- **The problem**
The answer must be the full listing, word for word, with no pictures in it.

- **Given material**
+ + + +

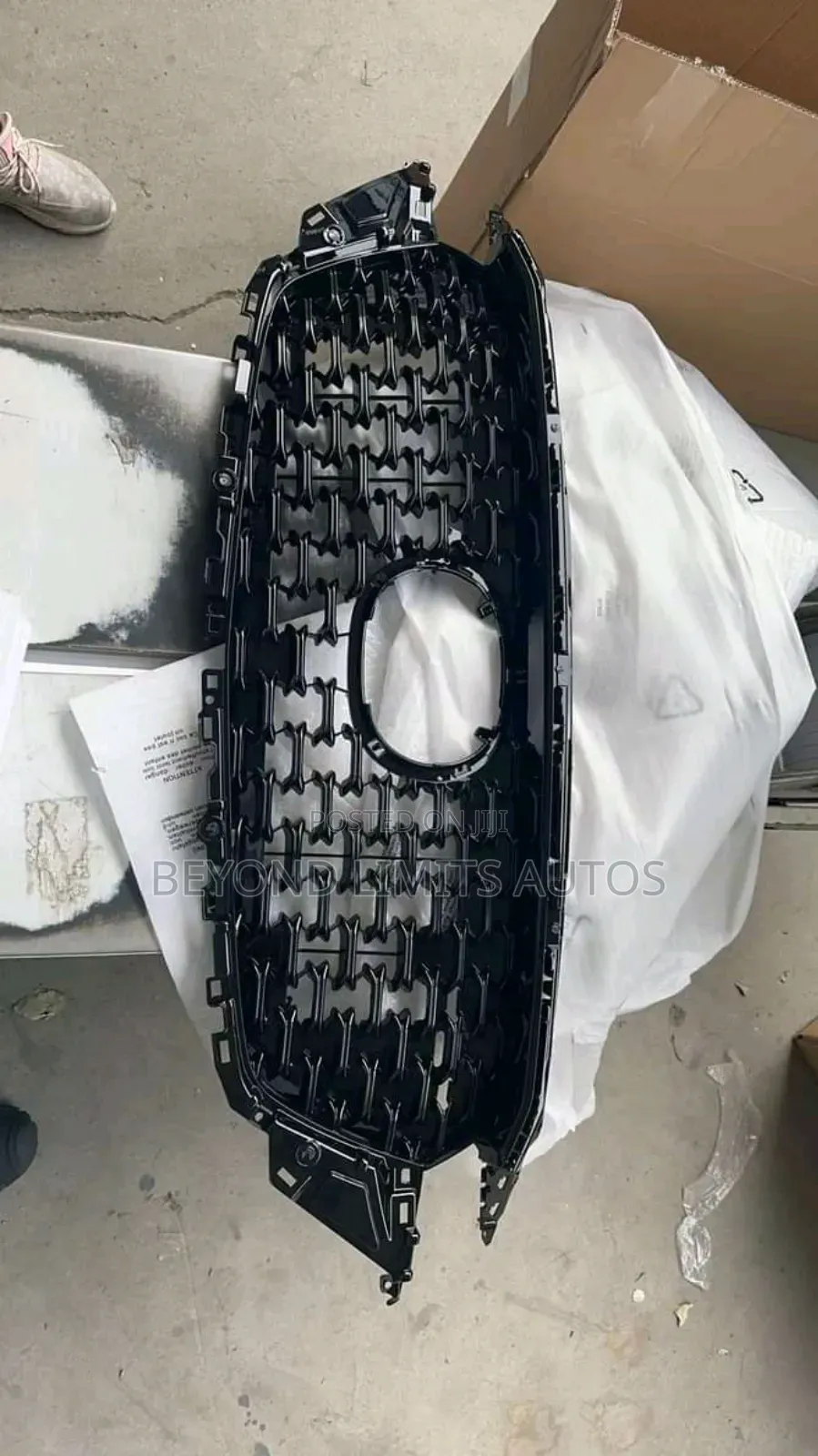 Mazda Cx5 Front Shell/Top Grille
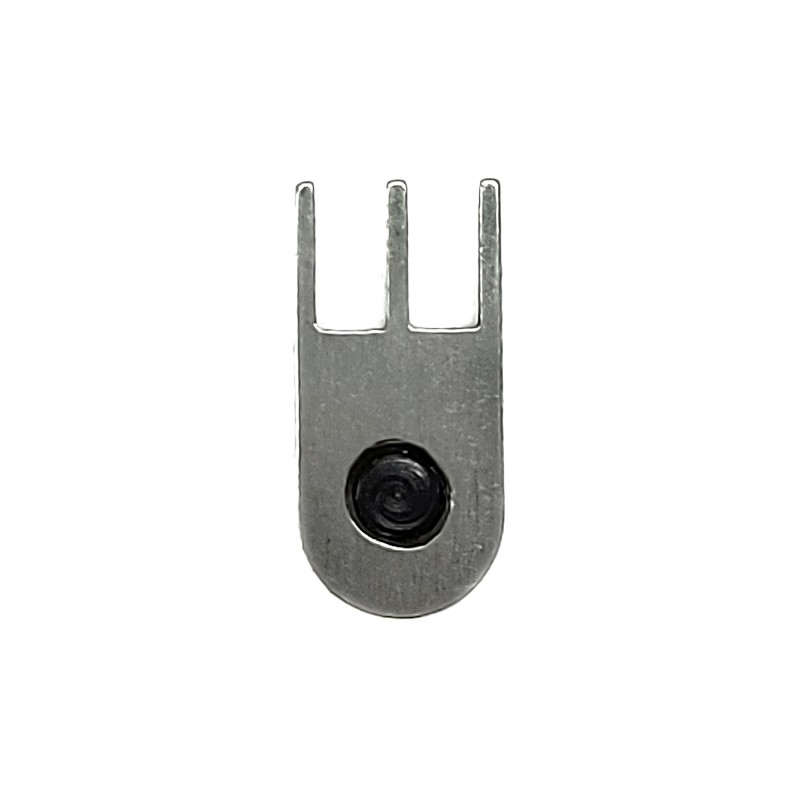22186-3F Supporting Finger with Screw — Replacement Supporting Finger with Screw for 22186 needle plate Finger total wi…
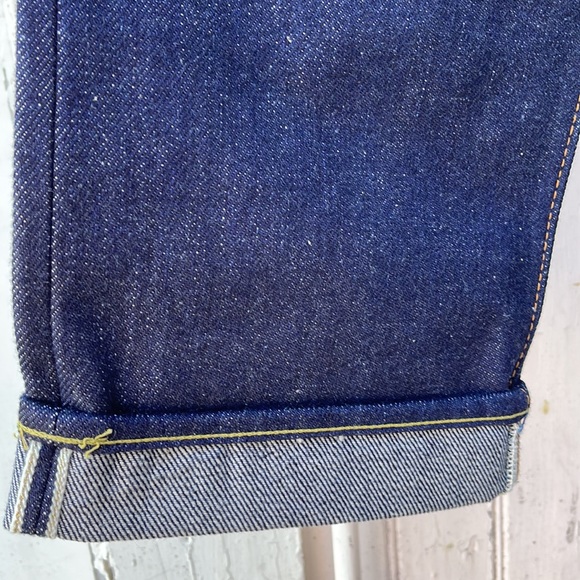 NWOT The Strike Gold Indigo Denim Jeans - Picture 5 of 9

+ + + +

- **Written solution**
 Mazda Cx5 Front Shell/Top Grille
22186-3F Supporting Finger with Screw — Replacement Supporting Finger with Screw for 22186 needle plate Finger total wi…
 NWOT The Strike Gold Indigo Denim Jeans - Picture 5 of 9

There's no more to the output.